* _WORK TO BE COMPLETED_
Exclude any images and output the remaining records exactly.

* _Items from a dataset_
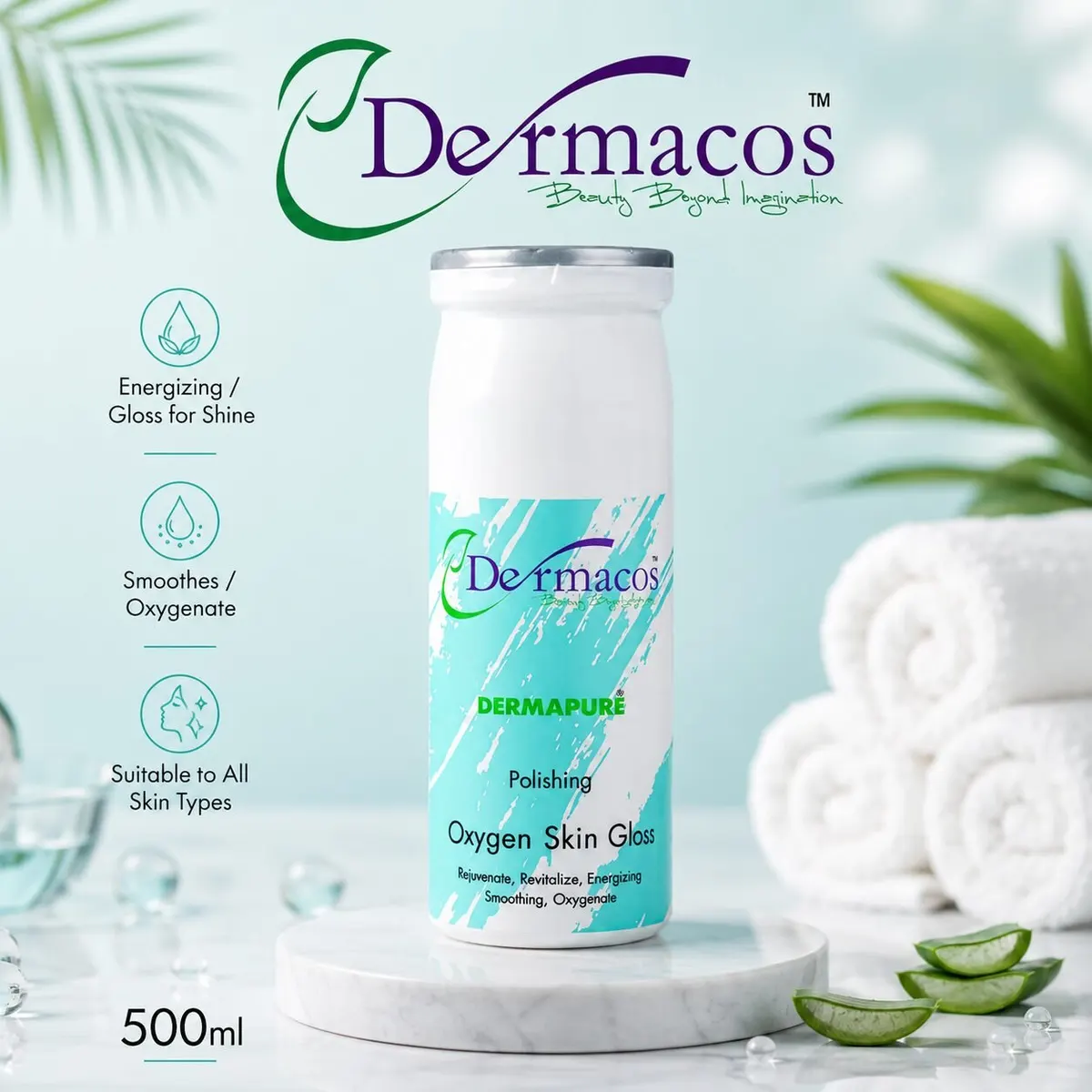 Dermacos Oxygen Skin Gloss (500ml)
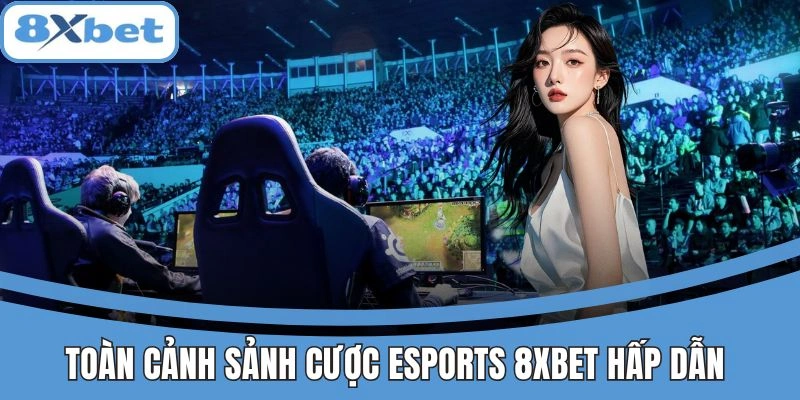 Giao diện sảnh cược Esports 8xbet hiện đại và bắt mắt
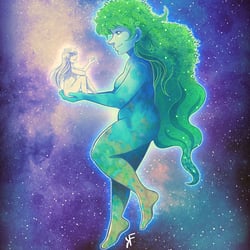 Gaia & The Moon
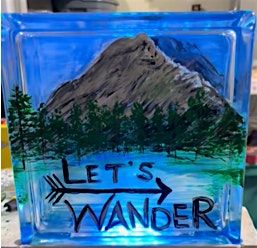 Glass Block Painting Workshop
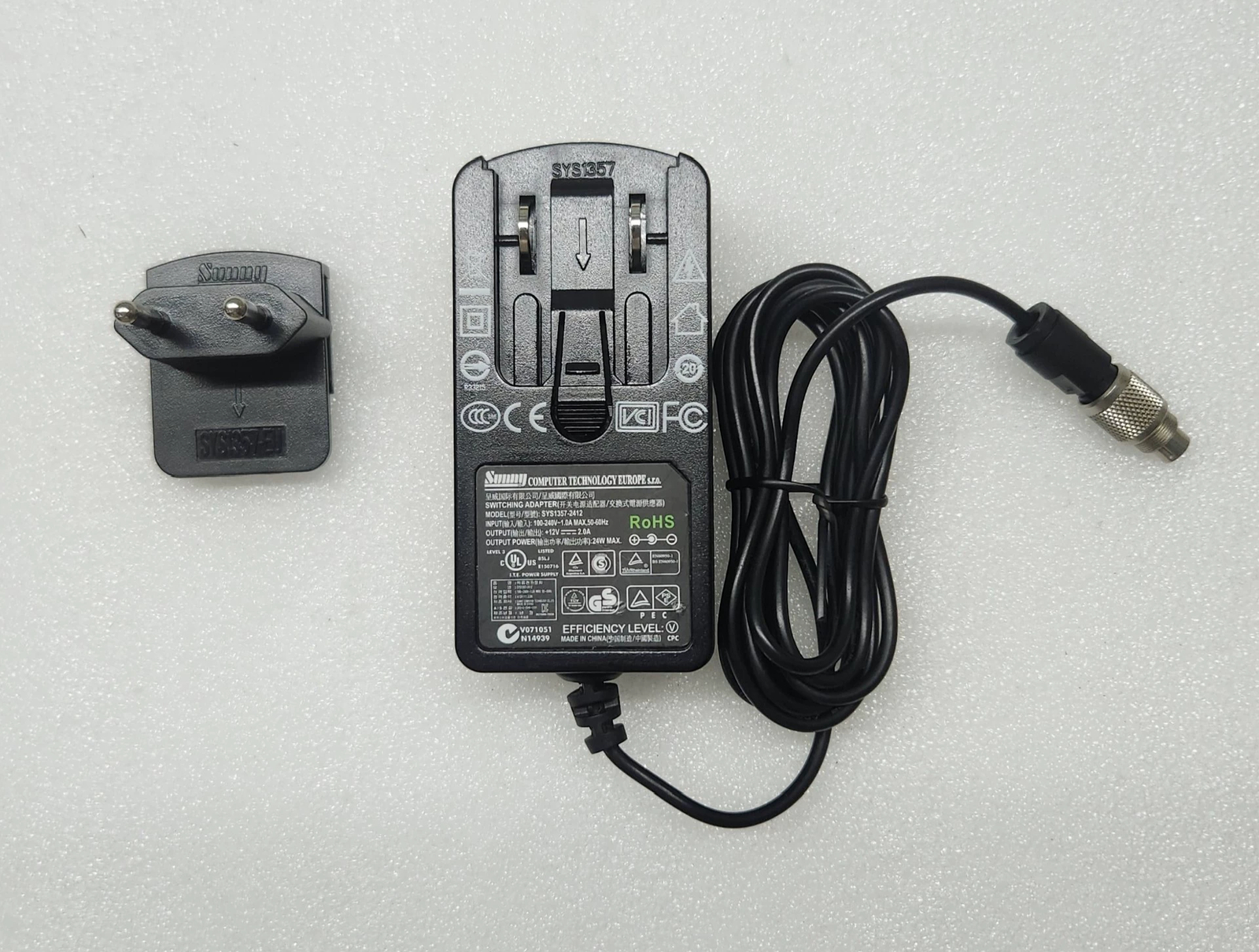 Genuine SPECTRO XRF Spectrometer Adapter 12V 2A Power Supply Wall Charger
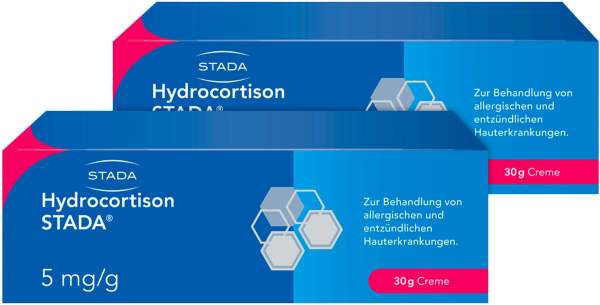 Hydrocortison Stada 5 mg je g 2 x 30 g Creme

* _ANSWER TO THE EXERCISE_
 Dermacos Oxygen Skin Gloss (500ml)
 Giao diện sảnh cược Esports 8xbet hiện đại và bắt mắt
 Gaia & The Moon
 Glass Block Painting Workshop
 Genuine SPECTRO XRF Spectrometer Adapter 12V 2A Power Supply Wall Charger
 Hydrocortison Stada 5 mg je g 2 x 30 g Creme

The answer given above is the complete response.